# WHAT THIS TASK INVOLVES
Nothing but an exact copy is asked for: the lines in the material below from the one with "Gladiator Arena Tiger" through the one with "Pensiune inchiriere integrala", pictures excluded.

# RECORDS TO PROCESS

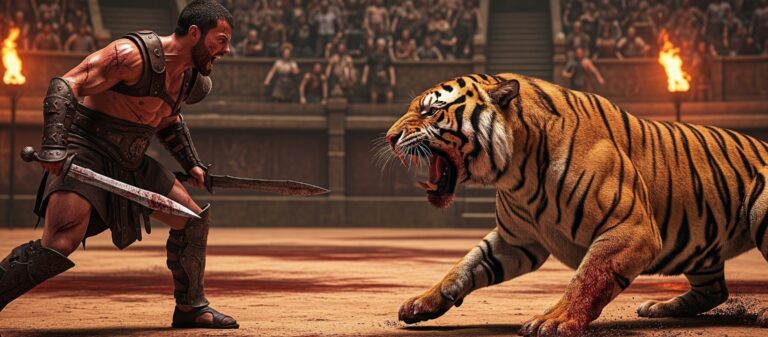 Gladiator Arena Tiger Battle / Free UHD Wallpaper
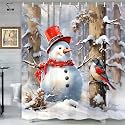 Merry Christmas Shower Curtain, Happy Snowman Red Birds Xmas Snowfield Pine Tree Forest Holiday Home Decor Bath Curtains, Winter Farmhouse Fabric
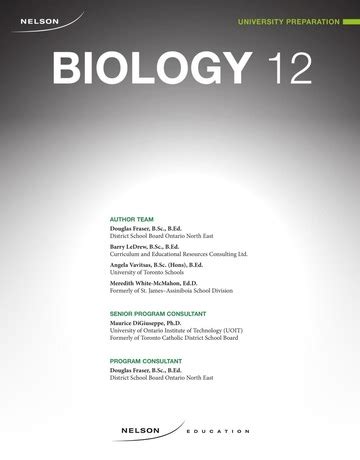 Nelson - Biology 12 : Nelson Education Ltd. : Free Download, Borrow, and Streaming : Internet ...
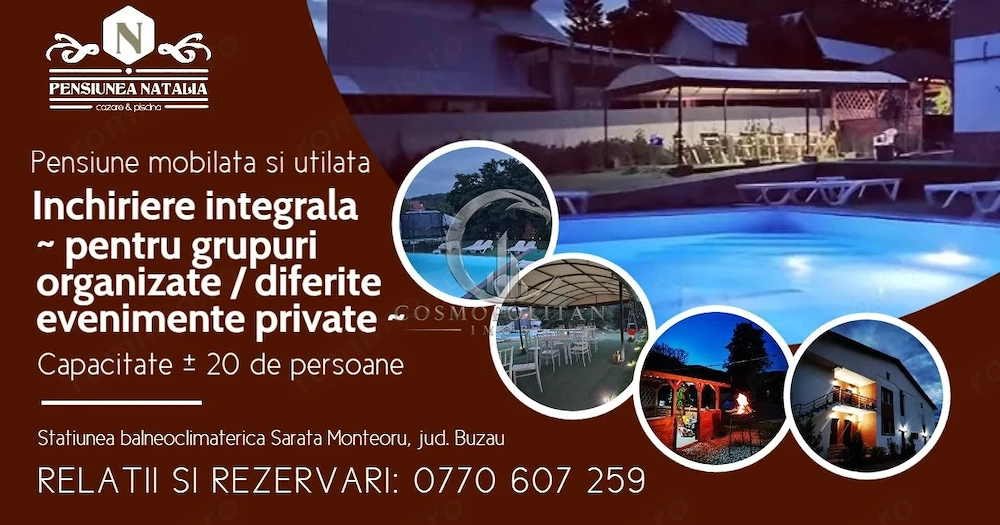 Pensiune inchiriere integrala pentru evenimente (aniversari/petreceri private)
--
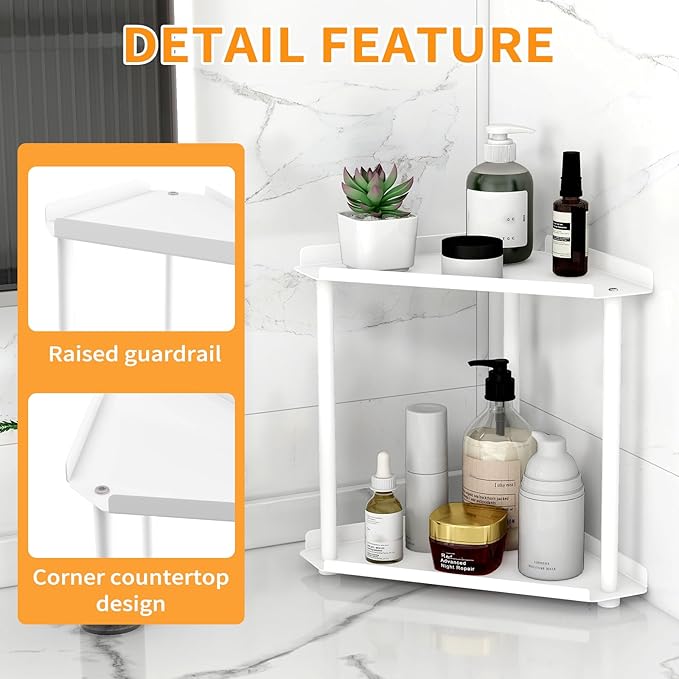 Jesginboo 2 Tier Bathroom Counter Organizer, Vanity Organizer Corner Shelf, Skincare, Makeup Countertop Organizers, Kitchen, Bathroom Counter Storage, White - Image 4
==
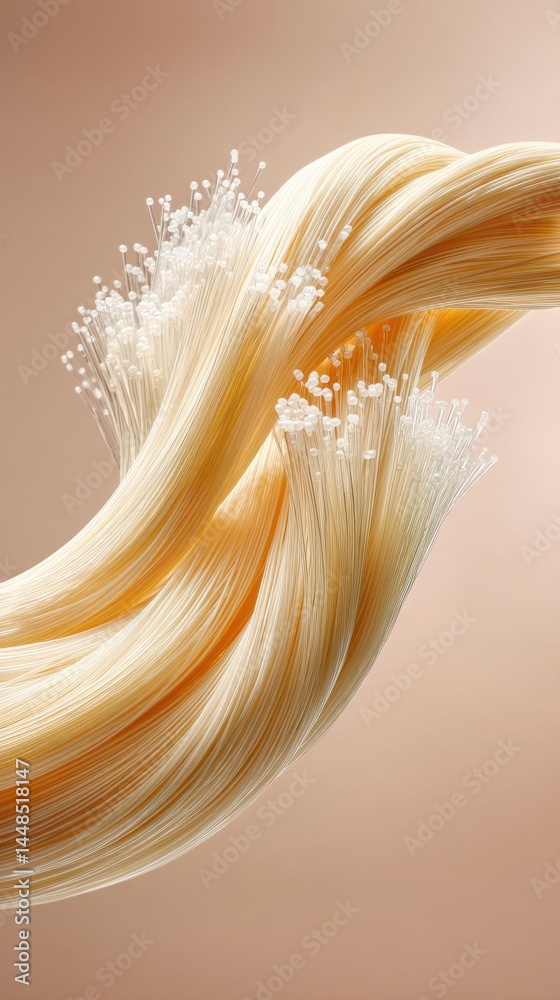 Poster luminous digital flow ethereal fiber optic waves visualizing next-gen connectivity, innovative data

# SOLUTION FOR THIS PROBLEM
 Gladiator Arena Tiger Battle / Free UHD Wallpaper
 Merry Christmas Shower Curtain, Happy Snowman Red Birds Xmas Snowfield Pine Tree Forest Holiday Home Decor Bath Curtains, Winter Farmhouse Fabric
 Nelson - Biology 12 : Nelson Education Ltd. : Free Download, Borrow, and Streaming : Internet ...
 Pensiune inchiriere integrala pentru evenimente (aniversari/petreceri private)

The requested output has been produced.